Wellcome Trust sets up £400m UK regen JV

The London based charity, which has tended towards making direct property investments since 2008, has formed a joint venture to develop sites in the UK.


The Wellcome Trust, a London-based global charitable foundation with about £14.5 billion (€18 billion; $23.5 billion) of assets, has formed a joint venture with a public UK property company to develop regeneration sites.

Wellcome, which already owns a £1 billion portfolio of residential property in the UK, much of which is in London, has teamed up in the joint venture with Berkeley Group, a well-known housebuilder. The pair said in a statement that the JV called St Katherine would initially be worth up to £400 million (€463 million; $614 million). Wellcome will supply the equity to the new vehicle, while Berkeley will be akin to the operating company by sourcing the land and developing the assets.

Peter Pereira Gray, managing director of the investment division of Wellcome said in a statement: “This joint venture will have access to new, long-term, patient capital.” He added: 'We will be opportunity-led, bidding at the right time for sites that would not otherwise be viable and turning them into fantastic places. It is good news for the UK housing market.”

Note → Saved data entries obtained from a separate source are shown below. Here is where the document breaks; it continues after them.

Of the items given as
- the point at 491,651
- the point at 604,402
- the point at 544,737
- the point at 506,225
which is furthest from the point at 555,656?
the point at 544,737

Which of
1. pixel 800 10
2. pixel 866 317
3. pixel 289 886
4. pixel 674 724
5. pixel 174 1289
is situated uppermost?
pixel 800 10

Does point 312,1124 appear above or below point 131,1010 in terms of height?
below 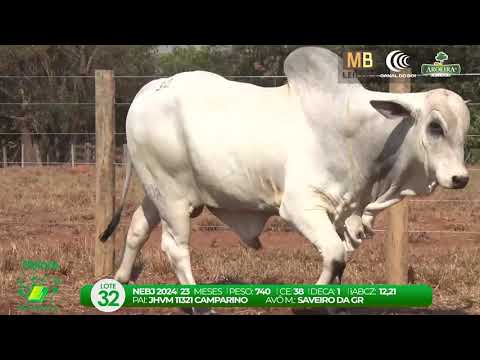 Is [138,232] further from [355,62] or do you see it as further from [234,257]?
[355,62]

The JV is in keeping with Wellcome’s current approach to property investing.  It used to be an active limited partner in property funds, however, since the global financial crisis of 2008 it has tended to go direct instead. Its annual report published in December said direct property holdings accounted for more than 75 percent of its property portfolio.

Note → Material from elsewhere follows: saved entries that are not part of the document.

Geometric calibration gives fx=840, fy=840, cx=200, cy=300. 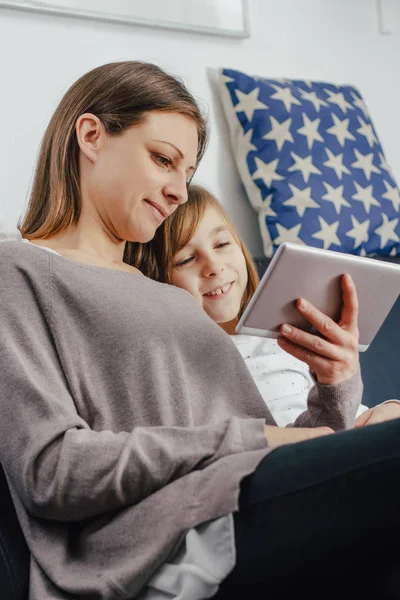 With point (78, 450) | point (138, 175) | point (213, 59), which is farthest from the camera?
point (213, 59)

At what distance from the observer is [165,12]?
7.16 ft

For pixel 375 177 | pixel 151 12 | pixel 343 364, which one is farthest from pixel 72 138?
pixel 375 177

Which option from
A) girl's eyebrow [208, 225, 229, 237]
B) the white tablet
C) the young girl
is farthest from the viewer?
girl's eyebrow [208, 225, 229, 237]

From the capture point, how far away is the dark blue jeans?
85 cm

In a passage about real estate investments, Wellcome noted that the difference in performance between its directly-owned assets and its fund investments “grew even more extreme” in 2011 to 2012. “We have not allocated to external property funds since 2008 and note that many of these funds have been impacted by challenging markets and management of leverage,” it stated.

“Across much of Europe, including the UK, excessive lending by banks to real estate and excessive borrowing by owners was the major cause of the financial crisis and remains largely unresolved. Banks have become active in disposing of their non-domestic real estate interests, but zero interest rates have enabled them to extend domestic loans even where the value of loans significantly exceeds asset values.”

The Wellcome Trust’s residential investment portfolio, which includes a large estate in Kensington, west London, was the star performer of the investor’s portfolio. It returned 18 percent in the latest financial year. Over 10 years, the residential portfolio has returned 274 percent, while direct commercial investments have returned 264 percent.